> **WHAT YOU NEED TO DO**
Output exactly the lines below from the one containing "Inhale — feel" to the last line, both included. Omit pictures.

> **STORED DATA**
▼

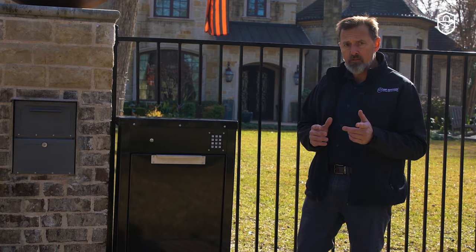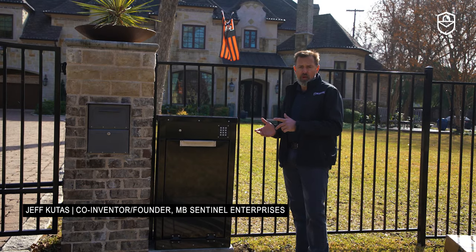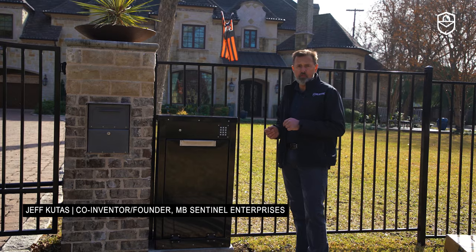Do you have a problem with your package deliveries? At Envy Sentinel Enterprises, we can create a home delivery solution that's right for you.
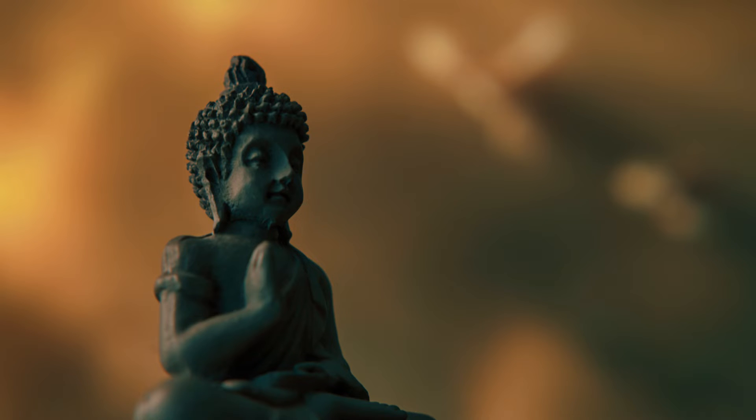Inhale — feel your belly rise and expand, opening your lungs and rib cage. Feel yourself relaxing. Follow the outward wave of your exhale, visualize the breath leaving your body. Rib cage softens, belly softens. Continue and flow with your breath — softly moving, gently flowing.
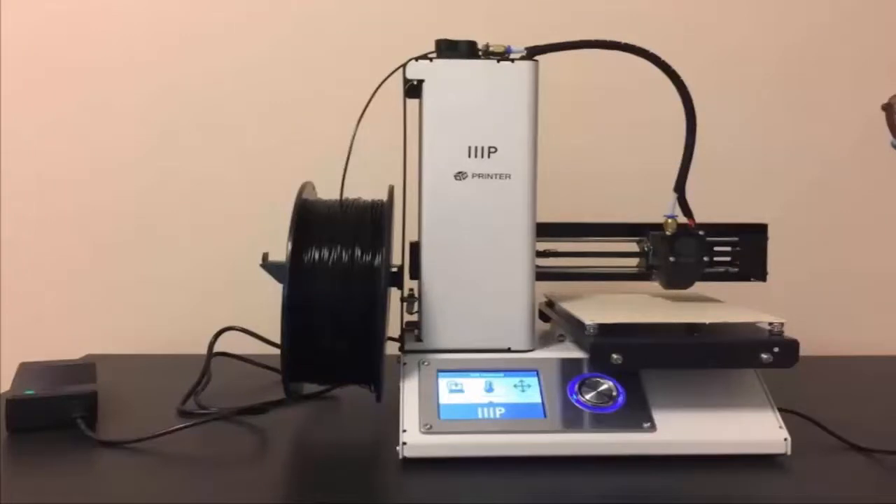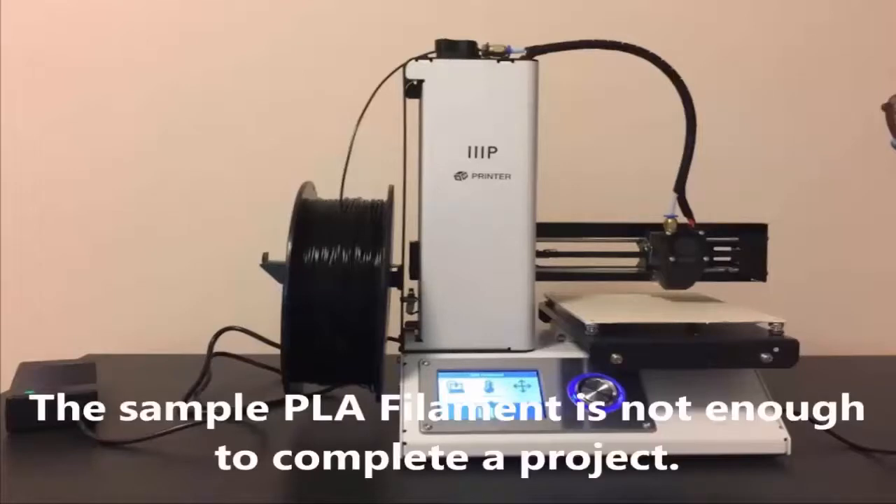My son Ernst recently purchased a 3D printer. This is the affordable $200 Monoprice Select Mini 3D printer with heated build plate that includes a micro SD card and a sample PLA filament.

▲

> **OUTPUT**
Inhale — feel your belly rise and expand, opening your lungs and rib cage. Feel yourself relaxing. Follow the outward wave of your exhale, visualize the breath leaving your body. Rib cage softens, belly softens. Continue and flow with your breath — softly moving, gently flowing.
My son Ernst recently purchased a 3D printer. This is the affordable $200 Monoprice Select Mini 3D printer with heated build plate that includes a micro SD card and a sample PLA filament.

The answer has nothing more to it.